If you already have an account, then you have few ways to connect:

1. Go to ssl.haifa.ac.il or sslt.haifa.ac.il --> Enter you username and password and continue following the steps that web client will ask you in order to connect.

2. Download Junos Pulse client and connect from native client for your operating system(works on Iphone and Androids too!)

Back to top

How do i change my hive user password?

Simply use the standard # passwd command or if you forgot your password ask your system administrator for help.

Back to top

I am new user, i want to run a job, what partition should i use?

Welcome to Hive!

If you are a new user and trying to execute your first simple job to the queue then you should run your job on one of the partitions named: hive1d hive7d and hive31d . Those partitions contain only the public nodes and has no preemption(when job with higher priority kick your job to restart and taking your resources). You can be sure that your job will run until in will finish.

Please refer to the Slurm, Limitations and Hardware section on the website menu in order learn how it all works.

Back to top

How can i see what public software is installed?
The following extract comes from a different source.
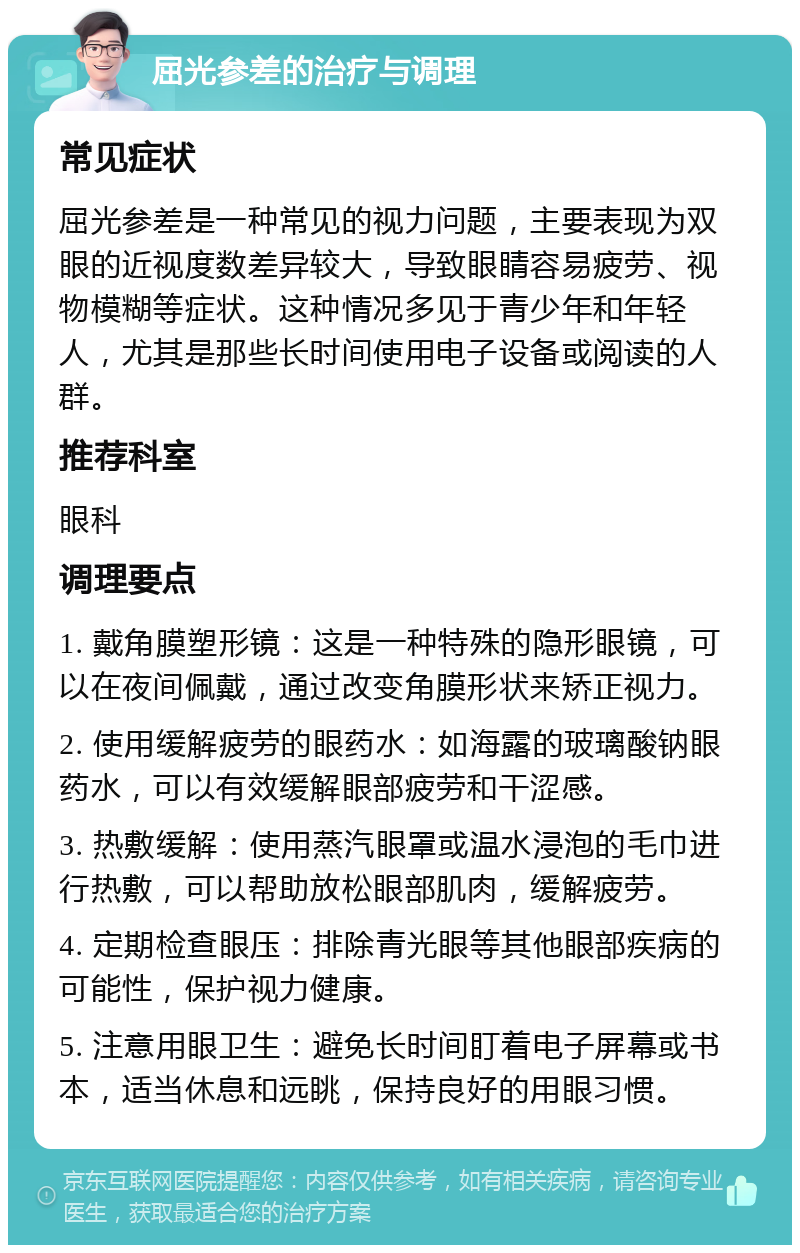 屈光参差的治疗与调理 常见症状 屈光参差是一种常见的视力问题，主要表现为双眼的近视度数差异较大，导致眼睛容易疲劳、视物模糊等症状。这种情况多见于青少年和年轻人，尤其是那些长时间使用电子设备或阅读的人群。 推荐科室 眼科 调理要点 1. 戴角膜塑形镜：这是一种特殊的隐形眼镜，可以在夜间佩戴，通过改变角膜形状来矫正视力。 2. 使用缓解疲劳的眼药水：如海露的玻璃酸钠眼药水，可以有效缓解眼部疲劳和干涩感。 3. 热敷缓解：使用蒸汽眼罩或温水浸泡的毛巾进行热敷，可以帮助放松眼部肌肉，缓解疲劳。 4. 定期检查眼压：排除青光眼等其他眼部疾病的可能性，保护视力健康。 5. 注意用眼卫生：避免长时间盯着电子屏幕或书本，适当休息和远眺，保持良好的用眼习惯。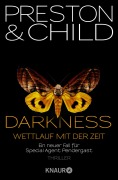 Cover-Bild zum Titel 'Darkness - Wettlauf mit der Zeit' von 'Douglas Preston, Lincoln Child'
The path of all installed software is /data/apps

Most of public software is installed as module, and you can check what modules are installed by command: # module avail

To see what public software module is already loaded for you user, use command: # module list

Some software doesn't need to be installed as a module so just list to the public storage path and see what is installed there.

Back to top

How do i load and unload modules?

First you would like to see a list of the modules that are currently available for use, to do that run the next command:

# module avail

To load and unload software installed as module on a public storage, simply use the commands:

# module load MODULENAME , # module unload MODULENAME

To see the list of already loaded modules on your environment run the next command:

# module list

Back to top

Where can I get some help on using the command line interface on the cluster?
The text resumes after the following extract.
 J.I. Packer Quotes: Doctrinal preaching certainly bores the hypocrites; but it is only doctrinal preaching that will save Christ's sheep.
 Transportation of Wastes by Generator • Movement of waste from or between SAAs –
The command line interface is provided by a Linux shell. Several different Linux shells are available for users. By default, users are provided with bash. For basics, refer to Introduction to Linux.

Back to top

What kind of software can be installed in public storage?

Every software that is large sized or will be used by whole users group or at least a by few users could be installed on the public storage. Please ask your group owner to ask system administrator to install the required software.

Back to top

Definitely NO! Access node is little virtual machine made only for connecting to Hive. All jobs have to run only on compute nodes with the help of slurm resource management.

Back to top

How do i need to allocate resources for RAxML?
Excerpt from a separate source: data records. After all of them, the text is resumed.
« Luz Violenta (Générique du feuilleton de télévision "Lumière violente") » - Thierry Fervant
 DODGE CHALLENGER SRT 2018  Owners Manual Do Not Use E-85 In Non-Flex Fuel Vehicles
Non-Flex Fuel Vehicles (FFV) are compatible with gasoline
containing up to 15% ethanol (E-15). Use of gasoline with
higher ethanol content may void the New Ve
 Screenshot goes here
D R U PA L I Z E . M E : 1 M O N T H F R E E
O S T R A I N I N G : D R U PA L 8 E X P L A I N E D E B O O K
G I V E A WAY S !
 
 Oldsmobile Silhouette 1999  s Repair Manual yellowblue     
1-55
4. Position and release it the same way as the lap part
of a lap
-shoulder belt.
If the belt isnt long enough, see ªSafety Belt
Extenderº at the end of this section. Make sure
RAxML has different executable for each running method, below information on a few methods:

Single-Threaded (Serial) - The serial version of RAxML is called raxmlHPC-SSE3, and is a single-threaded application. This means that with with executable raxmlHPC-SSE3 you can run jobs limited to only one CPU in one node(Default allocation of "slurm" is one CPU in one node, so you do not have to specify how much resources you would need for this job, but if you want, you can tell slurm to use one node -N 1 and one task -n 1).

Multi-Threaded (Parallel) - The multi-threaded version of RAxML is called raxmlHPC-PTHREADS-SSE3, and can use multiple processors on a single compute node. This means that with executable raxmlHPC-PTHREADS-SSE3 you can run job limited by one node, but you can use as much CPU's as the compute node has. Attention: You cannot tell RAxML to use more threads than tasks you allocated to slurm. Example of running RAxML in multi-threaded mod under slurm resource manager:

#!/bin/bash

#SBATCH -n 20 # number of tasks to allocate, for thin compute nodes maximum is 20, for queen server maximum is 32

#SBATCH -J My-RAxML-Multi-Threaded-job # Job name

#SBATCH --partition=hive

#SBATCH --mail-type=ALL # When to send mail (BEGIN, END, FAIL, REQUEUE, ALL)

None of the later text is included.